Kickboxen als Ganzkörpertraining

Kickboxen – mehr als Kampfsport

Beim Kickboxen handelt es sich um eine dynamische, wettkampforientierte Kampfsportart, die ihren Ursprung in Fernost hat. Beim Kickboxen werden mehrere Kampfsportarten miteinander vereint. Dazu gehören zum Beispiel Boxen oder Taekwondo. Kickboxen ist für jeden geeignet. Das Alter oder die Fitness spielt dabei nur eine untergeordnete Rolle.

Kondition und Körperbeherrschung steigern

Entgegen landläufiger Meinung ist Kickboxen nicht gefährlich, denn Tritttechniken oder Schläge werden durch Boxhandschuhe, eine Kopfstütze und Schienbeinschützer abgefedert. Ernsthafte Verletzungen sind damit so gut wie ausgeschlossen. Zum Kickboxen gehört, wie zu jeder Kampfsportart, eine gute Kondition und vor allem Körperbeherrschung.

Wer im Kickboxen erfolgreich sein möchte, muss selbstverständlich regelmäßig trainieren.
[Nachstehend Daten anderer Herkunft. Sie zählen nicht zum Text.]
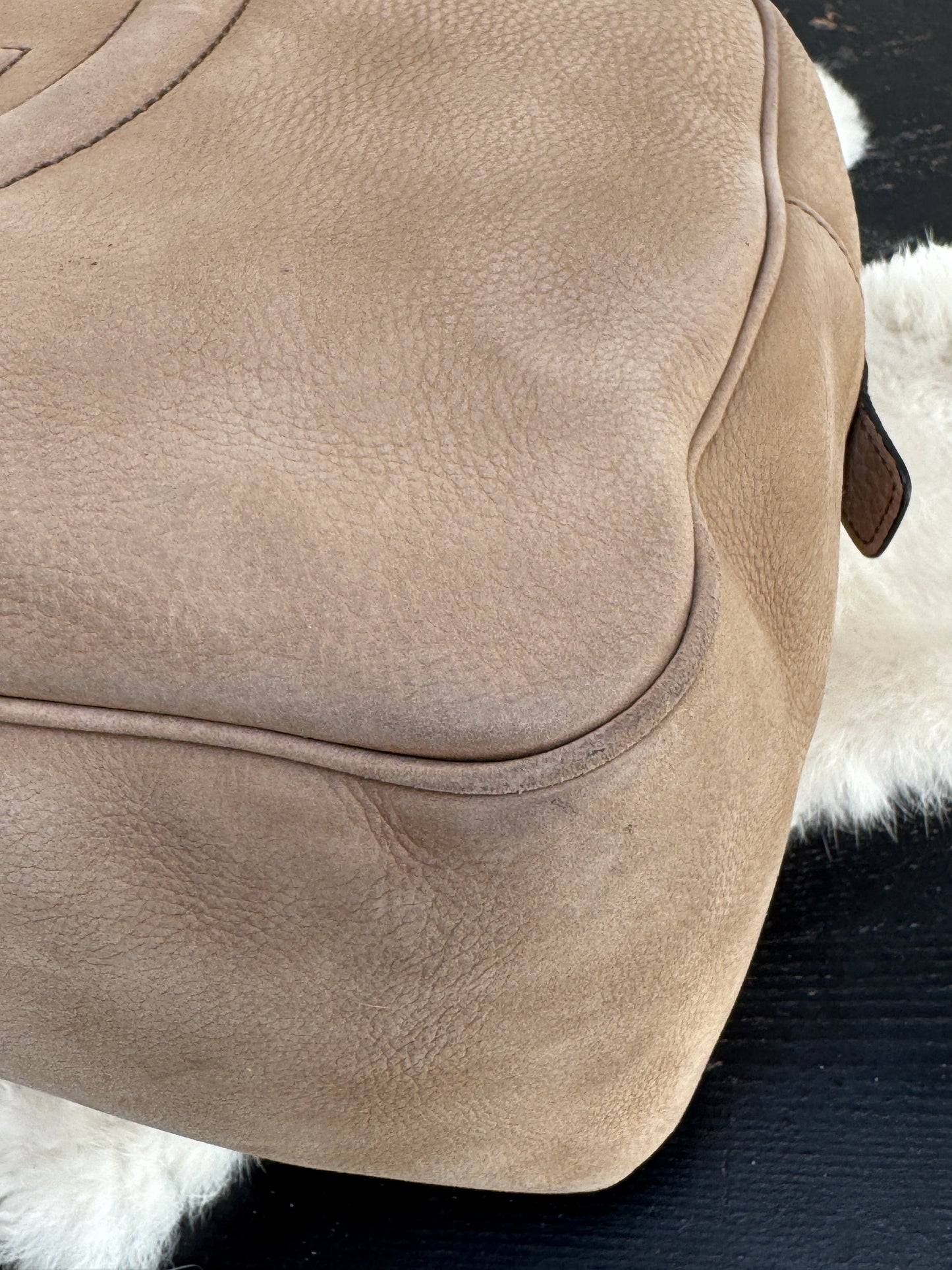 GUCCI Soho Chain Zip Shoulder Bag Nubuck Medium Beige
Vor allem durch ständige Wiederholungen der speziellen Techniken beim Kickboxen wird Schnelligkeit aufgebaut und Präzision erlernt. Ziel ist dabei nicht, Weltmeister zu werden, sondern seine eigene Kondition zu verbessern.

Beim Kickboxen wird eine Vielfalt an körperlicher Fitness gesteigert. Dazu gehören unter anderem Beweglichkeit und Ausdauer aber auch Kraft und Schnelligkeit. Gleichzeitig verbessert Kickboxen charakterliche Eigenschaften wie Mut und Willenskraft, Selbstvertrauen, Fairness und Disziplin.

Sehen Sie im folgenden Video den Unterschied zwischen Boxen, Kickboxen und Thaiboxen. Credit: Youtube/ TPS Training

Entstehung vom Kickboxen

Kickboxen ist wohl das einzige Positive, was aus dem Vietnamkrieg entstanden ist. Die amerikanischen GIs, die in Thailand stationiert waren, haben dort das Thaiboxen kennengelernt. Thaiboxen ist die ursprüngliche Form des chinesischen Kung-Fus. Kickboxen hat viel Ähnlichkeit damit, allerdings ohne die Knie- und Ellenbogentechniken des Thaiboxens. Dazu kommt, dass beim Kickboxen die Hände und Füße mit einer Schutzausrüstung bedeckt sind.

Kickboxen als Wettkampfdisziplin

Kampfsport gilt allgemein als einer der ältesten Sportarten auf der Welt. Nachweislich gab es in Ägypten schon vor 5000 Jahren Boxveranstaltungen. So ist es auch verständlich, dass Boxen und Ringen zu den ersten olympischen Disziplinen im alten Griechenland zählten. Zum Teil liegt das sicher auch daran, dass Kampf und auch Aggression in unseren Genen fest verankert ist. Sport ist deshalb ein guter Ausgleich, um Aggressionen abzubauen.

Bruce Lee Statue vor Hongkong

Es gibt zahlreiche Idole, die sich dem Kampfsport verschrieben haben. Dazu gehören zum Beispiel Bruce Lee, Chuck Norris oder Jackie Chan. Der Kampfsport hat sich in verschiedene Richtungen entwickelt. Kickboxen ist nur eine Variante davon. Seit 1974 gibt es Kickboxen als Wettkampfdisziplin in Europa und es findet seit dem immer mehr Anhänger.

Disziplinen beim Kickboxen

Kickboxen ist noch eine relativ junge Sportart ohne lange Traditionen. Trotzdem hat sich der Sport in den letzten Jahren gewandelt und es haben sich drei grundlegende Stile etabliert.
Dazu gehören

– der Vollkontakt,
– der Leichtkontakt und
– Semikontakt.

So findet jeder Interessierte am Kickboxen genau die Variante, die zu seiner Leistungsfähigkeit und seinen Interessen passt.
Bei dieser Kampfsportart gibt es nicht nur Wettkämpfe, sondern der Sportler kann seine Leistungsfähigkeit auch durch Gurtprüfungen nachweisen.

Der Gurt für die Anfänger ist weiß, während der schwarze Gurt der Meisterklasse, dem Dan, entspricht. Insgesamt sind vier verschiedene Dan möglich, die entweder durch Prüfungen nachgewiesen oder an langjährige Trainer und erfolgreiche Kämpfer verliehen werden.